I hope that's a helpful introduction. If you want more information about committing, pushing, and pulling (which I didn't explicitly cover because you usually won't have to do it for this tool), you can check out Happy Git with R, the RStudio tutorial on version control, and this tutorial on committing/pushing/pulling.
Contact Kaija (gahmk@caryinstitute.org) with questions for troubleshooting help. If you're reading this while Kaija still works at Cary, definitely contact her! This is literally her job. If you're reading this after Kaija has left to go to grad school, try the above resources first, or talk to Chris, Stuart, or Randi.
I've said above that you should not modify this template repository for regular seasonal data entry.
This template repository can and should be modified if you want to make changes to the entry tool itself. For example, if something about the tool is broken and needs to be fixed, you should clone the repository to your computer by creating a new R Project with version control and copy/pasting https://github.com/MFEh2o/fishEntryTool_TEMPLATE into the URL slot. Then you should make the code changes and commit/push them to modify the template. (Or you can fork the repo and work with pull requests--If you're modifying the template, I'm going to assume you know your way around GitHub).

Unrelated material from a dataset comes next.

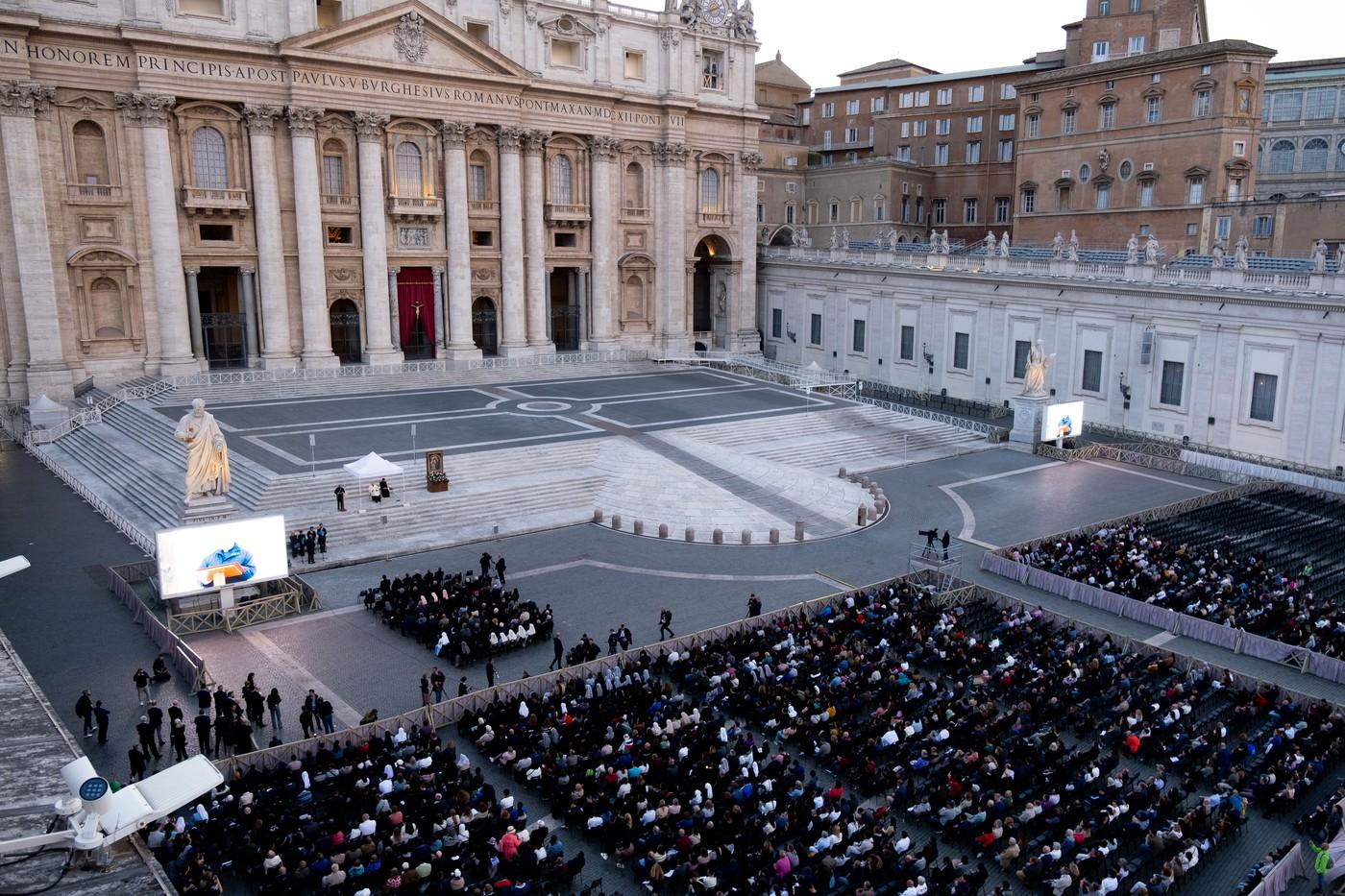 Omagiu adus Papei Francisc în Piața Sfântul Petru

Another case where you'd want to modify the template is if you need to change or expand the allowed parameters and ranges that are built into the tool. For example, maybe you decide that one of the error messages should be possible to get around with a new force_* parameter. In that case, you'd clone the repo and make the change to checks.R, and then commit that. Then, future years will copy the updated template and use those updated parameters.
Of course, you could make changes like this directly to the year-specific repo you created from the template, but keep in mind that those changes won't be permanent--you'd have to keep track of them and re-do them in the following year. Don't do that to yourself. Trust me.